Monday night, however, a noticeably subdued Stewart traded in Friday's somber pant suit for a light beige outfit. And while she appeared nervous at first, with her hands clasped, she soon relaxed under King's questioning and smiled through much of the interview. The segment included questions from several callers, all of whom expressed support for Stewart.
In other highlights from the wide-ranging interview:
On the ImClone stock sale She declined to say whether, if she had it to do all over again, she would have handled the sale of her ImClone stock differently. Still, she said, "You wake up pretty much every night at about 2 [a.m.]" and think "'oh my gosh, what if? what if? what if?' That's pretty terrible for a 2.5 year process like this."
On her company As to her future role at Martha Stewart Living Omnimedia, Stewart made it clear she plans to play an intimate role.
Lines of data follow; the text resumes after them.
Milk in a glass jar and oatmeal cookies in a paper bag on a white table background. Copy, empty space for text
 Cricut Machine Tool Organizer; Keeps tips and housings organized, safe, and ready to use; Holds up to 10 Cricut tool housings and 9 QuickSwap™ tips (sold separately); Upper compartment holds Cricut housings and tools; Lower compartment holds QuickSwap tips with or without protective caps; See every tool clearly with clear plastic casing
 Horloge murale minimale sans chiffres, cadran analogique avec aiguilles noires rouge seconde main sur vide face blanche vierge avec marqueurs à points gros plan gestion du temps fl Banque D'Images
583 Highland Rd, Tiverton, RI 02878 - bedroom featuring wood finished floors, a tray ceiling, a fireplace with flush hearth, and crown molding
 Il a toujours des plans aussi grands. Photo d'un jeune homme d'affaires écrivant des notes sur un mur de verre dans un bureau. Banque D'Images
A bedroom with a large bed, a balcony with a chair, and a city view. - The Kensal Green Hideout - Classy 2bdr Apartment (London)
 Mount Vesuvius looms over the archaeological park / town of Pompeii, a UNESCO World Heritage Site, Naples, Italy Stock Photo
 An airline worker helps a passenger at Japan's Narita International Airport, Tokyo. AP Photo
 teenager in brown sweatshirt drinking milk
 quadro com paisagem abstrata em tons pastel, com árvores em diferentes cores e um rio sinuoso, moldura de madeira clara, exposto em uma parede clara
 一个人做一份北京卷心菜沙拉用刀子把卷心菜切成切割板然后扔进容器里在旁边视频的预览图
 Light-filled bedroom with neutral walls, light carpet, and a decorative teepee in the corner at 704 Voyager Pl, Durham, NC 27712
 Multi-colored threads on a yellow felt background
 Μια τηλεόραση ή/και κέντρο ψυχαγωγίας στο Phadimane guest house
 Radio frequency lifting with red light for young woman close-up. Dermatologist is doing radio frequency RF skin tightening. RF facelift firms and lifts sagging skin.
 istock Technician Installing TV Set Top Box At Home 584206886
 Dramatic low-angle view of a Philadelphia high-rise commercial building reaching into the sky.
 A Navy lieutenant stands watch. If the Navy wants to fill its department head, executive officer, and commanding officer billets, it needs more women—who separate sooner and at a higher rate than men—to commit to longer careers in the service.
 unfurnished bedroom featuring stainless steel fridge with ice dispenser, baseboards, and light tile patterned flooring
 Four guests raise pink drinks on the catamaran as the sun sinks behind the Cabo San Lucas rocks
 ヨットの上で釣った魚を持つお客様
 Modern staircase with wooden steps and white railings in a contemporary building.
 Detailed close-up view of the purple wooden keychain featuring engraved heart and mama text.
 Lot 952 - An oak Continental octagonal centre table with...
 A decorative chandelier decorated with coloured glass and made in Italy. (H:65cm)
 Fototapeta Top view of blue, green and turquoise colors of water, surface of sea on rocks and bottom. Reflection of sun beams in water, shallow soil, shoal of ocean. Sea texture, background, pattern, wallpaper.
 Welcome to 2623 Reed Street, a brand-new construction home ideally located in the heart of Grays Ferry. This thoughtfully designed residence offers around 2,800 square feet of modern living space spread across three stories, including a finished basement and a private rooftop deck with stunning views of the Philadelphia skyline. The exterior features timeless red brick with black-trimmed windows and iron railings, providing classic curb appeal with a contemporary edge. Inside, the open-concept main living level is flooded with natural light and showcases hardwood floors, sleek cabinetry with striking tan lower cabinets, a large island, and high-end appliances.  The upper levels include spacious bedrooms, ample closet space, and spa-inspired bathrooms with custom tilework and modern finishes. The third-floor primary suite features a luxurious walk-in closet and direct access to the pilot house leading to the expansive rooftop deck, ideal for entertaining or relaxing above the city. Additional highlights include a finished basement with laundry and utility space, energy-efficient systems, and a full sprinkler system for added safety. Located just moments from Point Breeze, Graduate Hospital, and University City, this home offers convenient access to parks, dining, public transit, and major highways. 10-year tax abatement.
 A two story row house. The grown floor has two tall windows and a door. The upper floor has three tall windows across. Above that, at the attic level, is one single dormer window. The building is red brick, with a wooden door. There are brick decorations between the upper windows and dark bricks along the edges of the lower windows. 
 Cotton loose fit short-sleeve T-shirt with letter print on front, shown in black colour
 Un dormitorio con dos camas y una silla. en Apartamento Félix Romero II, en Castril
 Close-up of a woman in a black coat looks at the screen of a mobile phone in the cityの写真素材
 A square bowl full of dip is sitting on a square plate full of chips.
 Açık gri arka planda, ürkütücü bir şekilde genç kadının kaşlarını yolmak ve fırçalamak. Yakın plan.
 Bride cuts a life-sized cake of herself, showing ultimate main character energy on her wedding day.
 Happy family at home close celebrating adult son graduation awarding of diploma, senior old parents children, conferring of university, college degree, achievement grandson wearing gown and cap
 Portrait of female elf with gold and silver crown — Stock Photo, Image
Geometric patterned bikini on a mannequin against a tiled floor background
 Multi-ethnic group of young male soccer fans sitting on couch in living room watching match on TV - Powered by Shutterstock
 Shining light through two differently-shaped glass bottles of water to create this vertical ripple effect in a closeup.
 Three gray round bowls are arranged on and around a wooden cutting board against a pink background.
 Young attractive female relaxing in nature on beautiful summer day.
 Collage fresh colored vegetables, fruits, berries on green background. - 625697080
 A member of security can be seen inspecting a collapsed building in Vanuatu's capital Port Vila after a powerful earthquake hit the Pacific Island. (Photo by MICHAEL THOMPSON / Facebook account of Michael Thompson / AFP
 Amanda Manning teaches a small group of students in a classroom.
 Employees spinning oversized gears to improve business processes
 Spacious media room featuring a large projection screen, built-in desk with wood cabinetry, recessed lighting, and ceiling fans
Prison rules, she said, bar her from discussing business while behind bars but she said no similar restrictions apply while she's in home detention. Whether she can one day return to the helm of Martha Stewart Living "has yet to be determined legally," she said.
On her possible book Stewart confirmed news reports that she plans to write a book for people who find themselves up against the law. "For anybody who's had to go through this process, there should be some guidelines." Among the potential topics, "what lawyer to choose, how to behave, how to attend an interview."
On her reputation for hubris "I have sometimes, probably, forgotten -- and I know I have -- to pat the back of someone or said 'thank you' enough times or maybe even once sometimes," Stewart said. "I wish I were perfect. I wish I were just the nicest, nicest, nicest person on Earth. But I am a business person....If I were a man no one would ever say that I was arrogant."
On the Mandela remark She also sought to clarify comments she made during the "20/20" interview where she invoked the name of Nelson Mandela, the anti-apartheid warrior who spent 27 years in prison and then went on to become president of South Africa.
Contrary to press reports, Stewart said, she did not liken her situation to that of Mandela's. "I am not comparing myself to Nelson Mandela," said Stewart. "I am not a Nobel prize winner."
Finally, Stewart criticized the often "repetitious" media coverage of her plight.
|Recent Martha news
Now, as she seeks to use the press to help clear her name, it's not known yet whether her post-sentencing media road show has won or lost her hearts. But the clear winner so far: the media.
ABC's "20/20" was the top-rated show Friday, with 8 million viewers tuned in. By way of comparison, former Clinton paramour Monica Lewinsky drew 48.5 million viewers during her 1999 Walters interview.
ABC, a unit of Walt Disney Co. (DIS: Research, Estimates), is the No. 4 television network, ranked by viewership during the key prime time evening hours.